Valdes Island is one of many destinations where Livingston will happily escort his passengers. When you book a tour, the world is your oyster, and every day is an adventure. If you have a dream to visit the wineries on Pender and Saturna Islands, have a pub lunch on a Gulf Island, view the murals at Chemainus, tour the Fraser River Estuary, travel by water to Fort Langley, or see petroglyphs carved by First Nations people on Gabriola Island, Livingston can take you there. He also offers special services including burial at sea, small weddings, and club tours for specialized groups including bird watchers, naturalists and book clubs. Enthusiastic to show my children and me the ‘other side’ of Steveston, Livingston welcomed us onboard and we set off from Paramount Pond as he shared interesting Steveston history along the way, and kept me laughing with his good sense of humour.

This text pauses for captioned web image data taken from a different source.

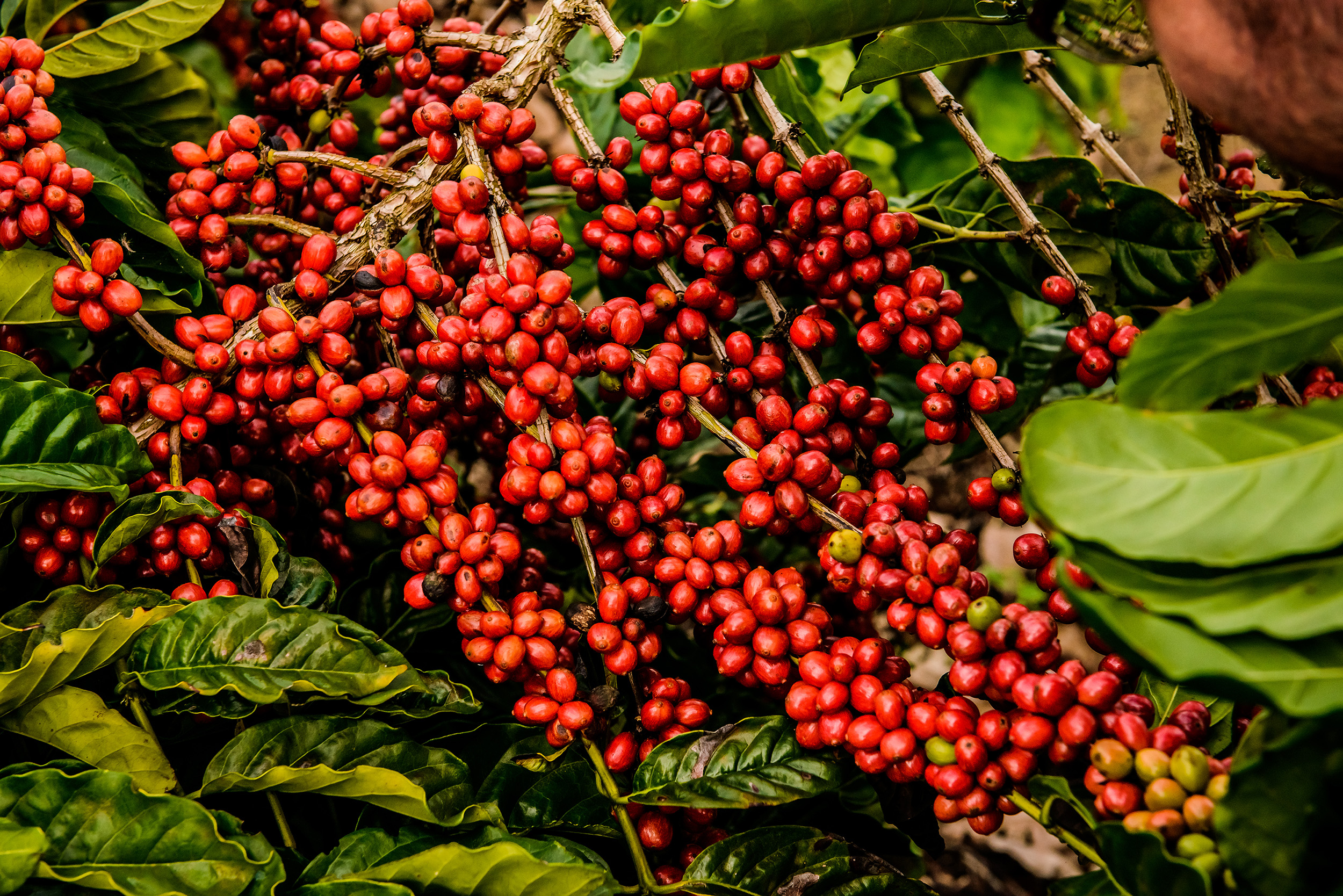 Café Conilon do Plantio à Colheita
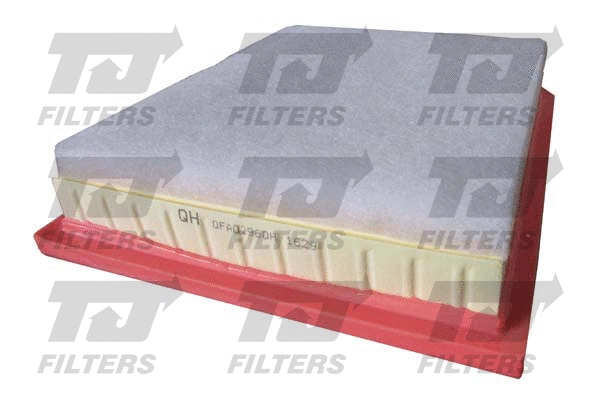 Air Filter (QFA0296)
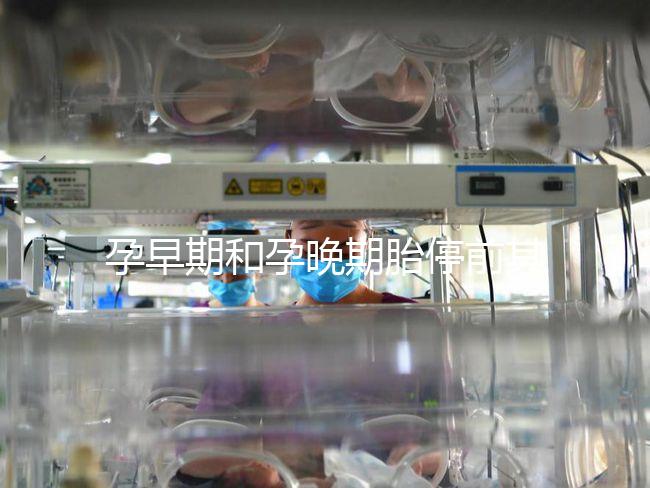 孕早期和孕晚期胎停前其實都有暗示信號，身體不會騙人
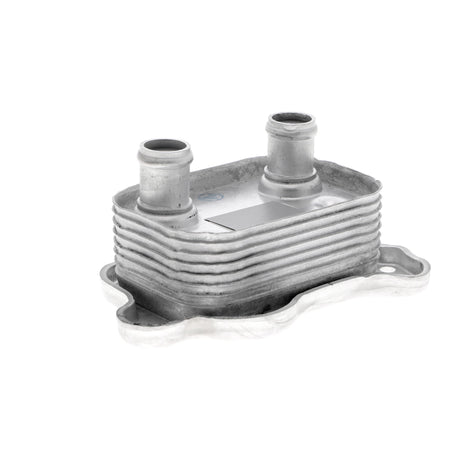 BMW Oil Cooler, engine oil  - VEMO V20-60-0051
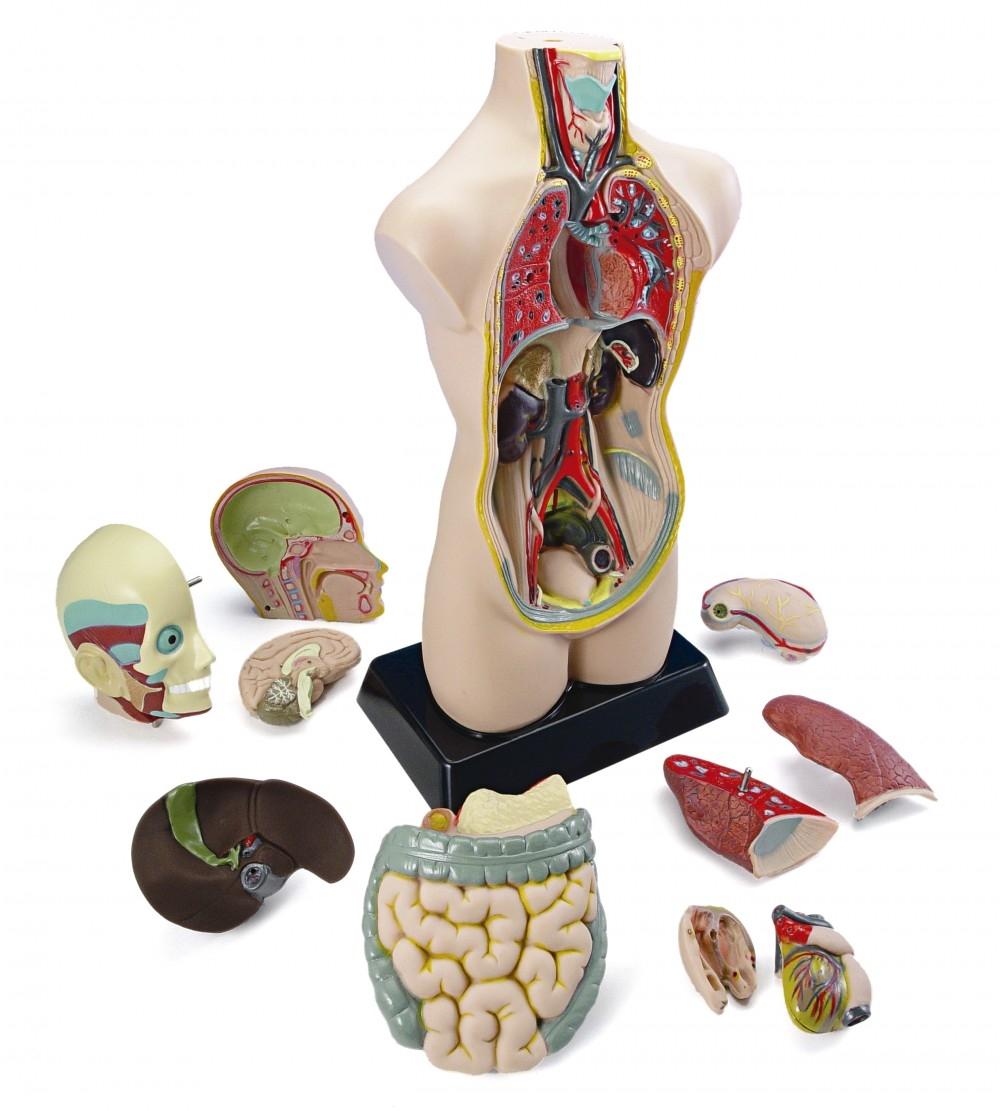 SET ANATOMIA 11 PCS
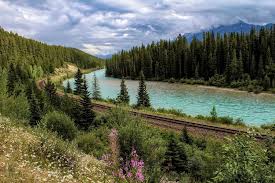 Résultat de recherche d'images pour "morant's curve"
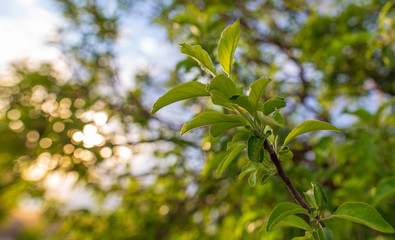 Fototapeta na wymiar Beautiful green leaves on a tree branch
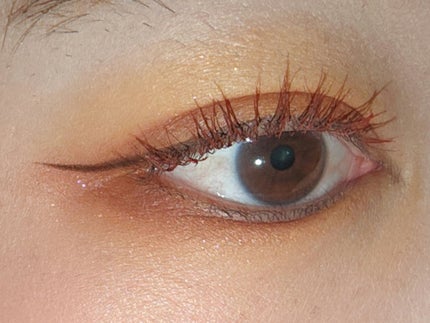 ケイト ザ アイカラー/KATE/単色アイシャドウを使ったクチコミ(2枚目)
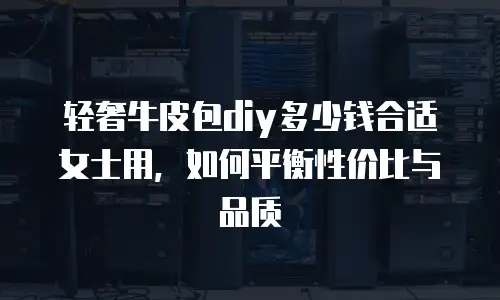 轻奢牛皮包diy多少钱合适女士用，如何平衡性价比与品质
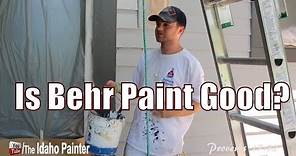 Behr Paint Review. Should you buy this paint?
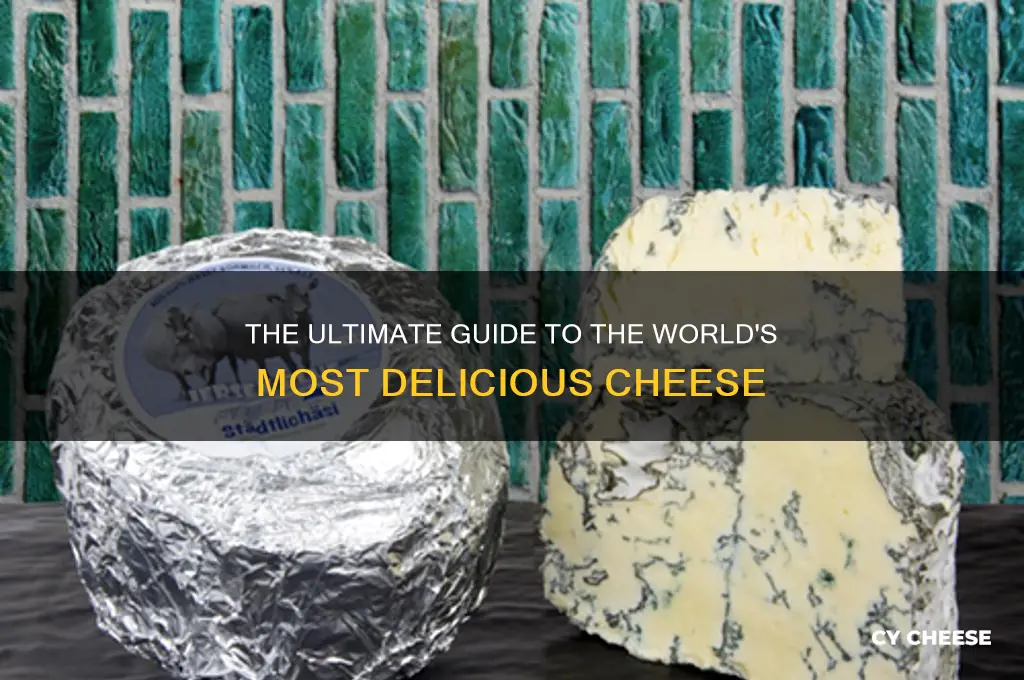 what is the most delicious cheese in the world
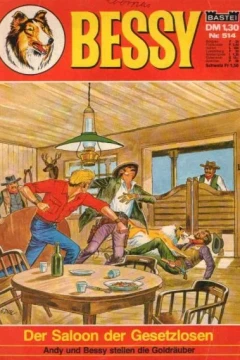 Der Saloon der Gesetzlosen
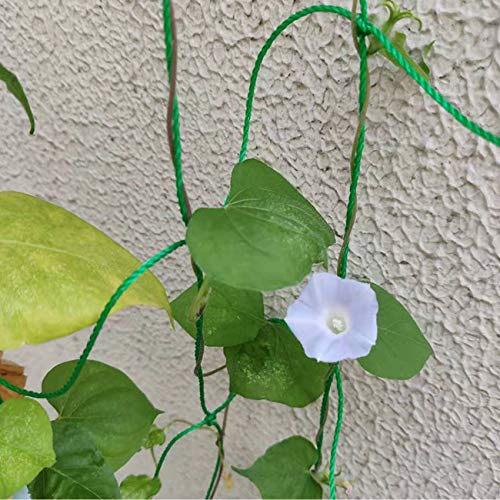 2Pack 5.9Ft x 8.86Ft Garden Plant Trellis Plant Climbing Net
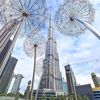 dubia.sheikh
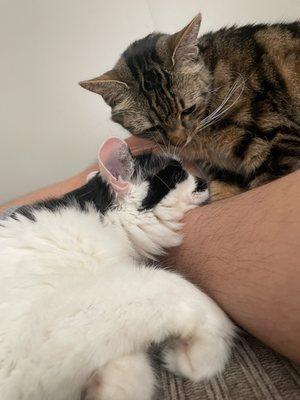 photo of Jennifer R.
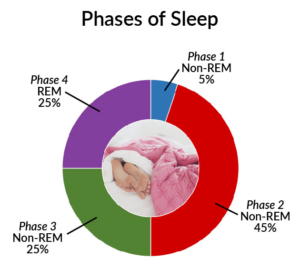 Chart showing the phases of sleep including non-REM and REM phases
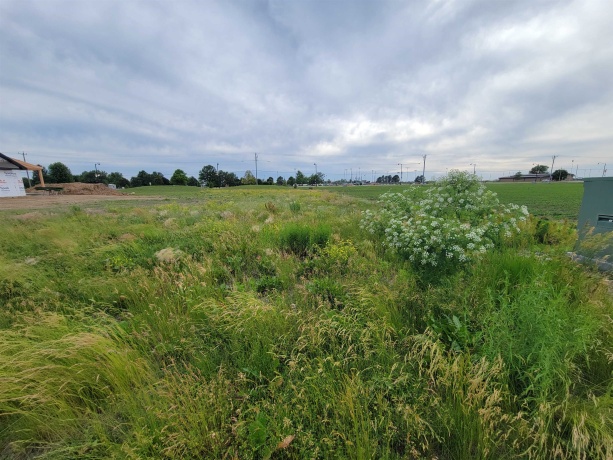 16 Pointe, Peru, Illinois 61354, ,Land,For Sale,Pointe,202605023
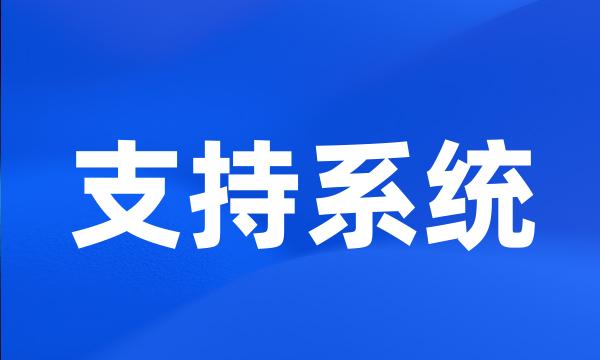 支持系统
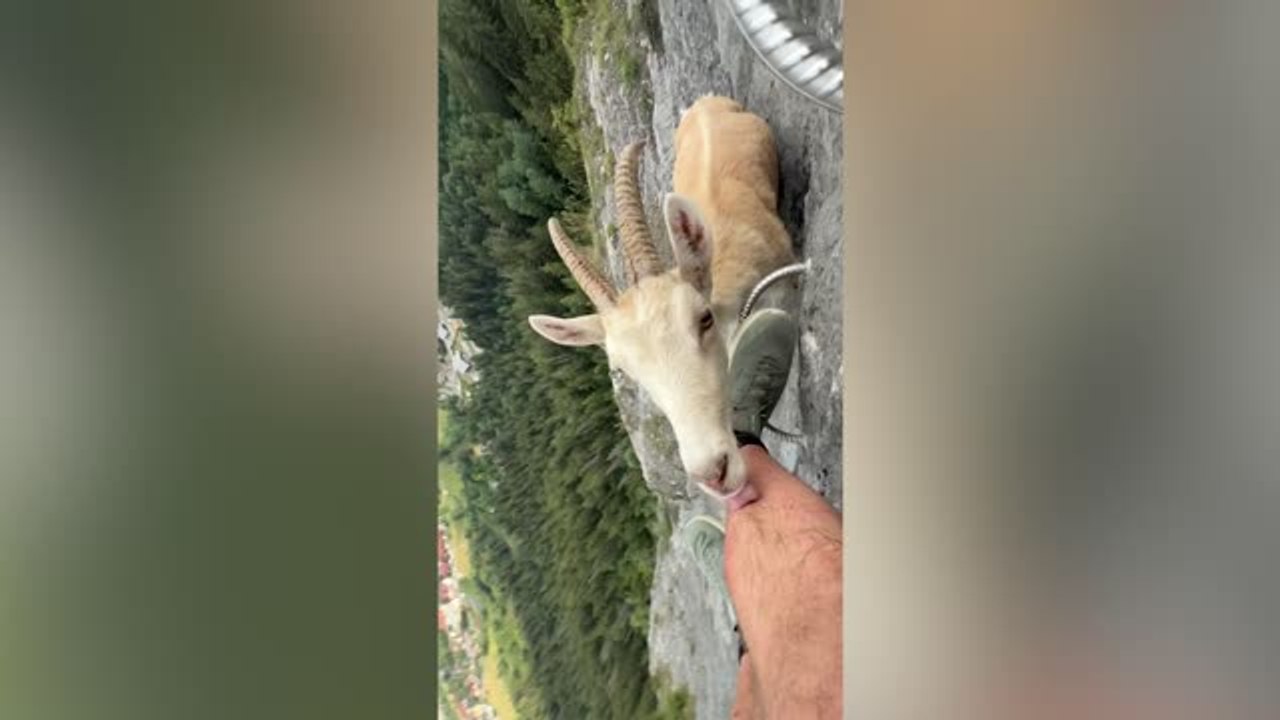 Wildlife Photographer Makes Friends With Locals As Goal Licks His Leg On Cliff Face | Wild-ish TV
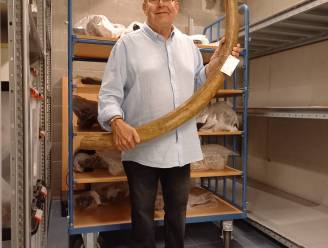 Tienduizenden jaren oude mammoetbeenderen uit Berlare arriveren in Ename en zijn daar één weekend te bekijken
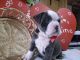 Old English Bulldog Puppies for sale in Gordonville, PA 17529, USA. price: NA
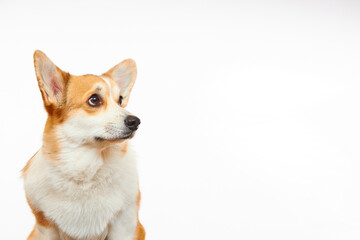 Cute Welsh Corgi Pembroke dog isolated on a white background. The dog is looking up. Beautiful holiday card. Billboard.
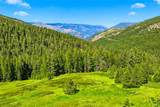 Nhn Pattee Canyon Road - Photo 1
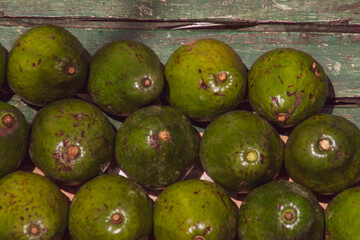 Pile of green avocado background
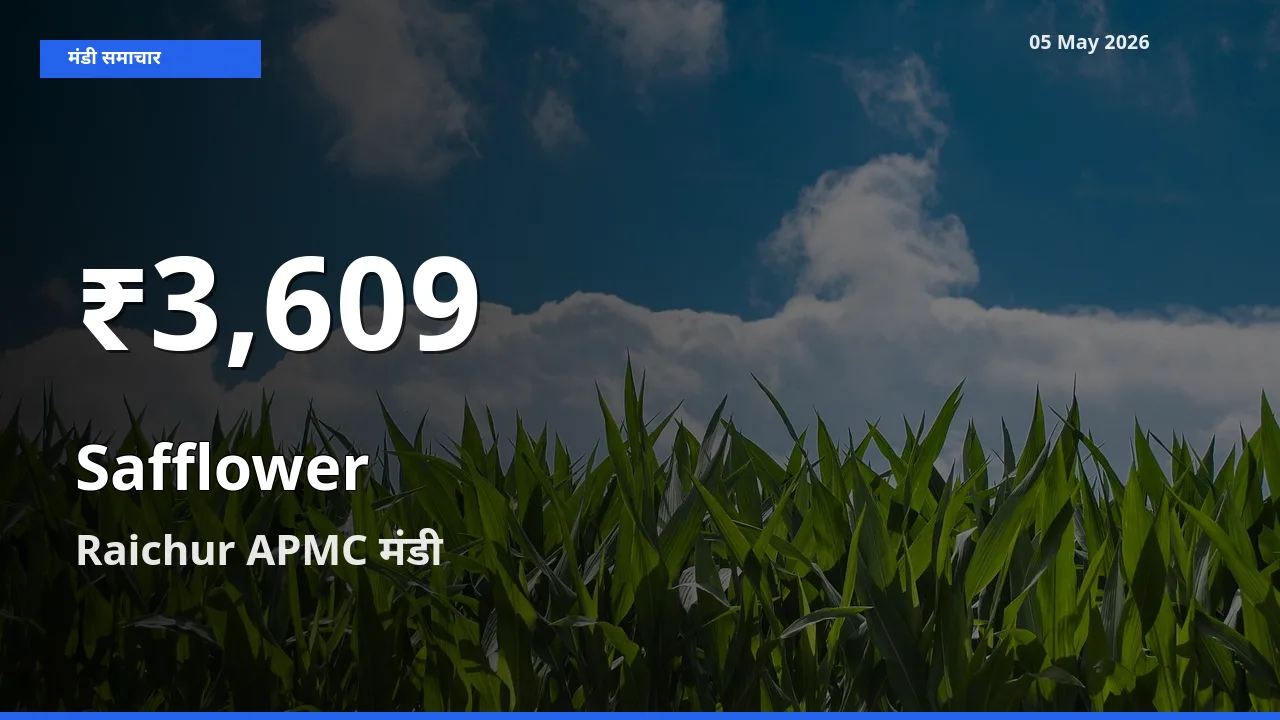 Raichur APMC में कुसुम ₹3,609 पर गिरा – 30 दिन का न्यूनतम भाव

The vista from the water is incredible. Steveston’s pair of swans came up to greet the boat. For the first time I finally saw Fisherman’s Wharf from the perspective of a fisherman aboard a trawler arriving at the dock; it was a humbling experience to be on the water where the history of this fishing village began and continues to this day. We motored by the recently placed wreaths at Fisherman’s Memorial, after the annual Day of Mourning ceremony had taken place.

Soon after we passed Garry Point, Livingston increased the boat’s speed and we zipped alongside the Steveston Jetty, which extends approximately five miles out and ends with an automated lighthouse. Along the way, sitting on the rocks and sandbars were countless eagles; I had not seen anything like this since I visited Haida Gwaii. Whoever would have thought this was on our ‘doorstep’? Trying hard to contain my enthusiasm, I was bracing myself for what I knew lay ahead.

The opening act for the star attraction were cormorants, which proudly perched on the rocks. Finally, with their barking announcing their presence, were the much anticipated California sea lions in all their glory. They were draped across the rocks, while others pointed their faces majestically up toward the sky. Spring is peak season for the migratory male sea lions, and Livingston estimated that there were fifty there that day; he had seen seventy the week before. It was a breathtaking scene which I exclaimed made me feel like I was visiting the Galapagos Islands. To have such a concentration of marine life within a five mile radius of where we live was an awe-inspiring moment. I realized that I may never be able to set foot in an aquarium again after seeing sea lions in their natural habitat. I don’t know if it was for my sake or for my children’s sake that Livingston asked if we should circle back to have a second look.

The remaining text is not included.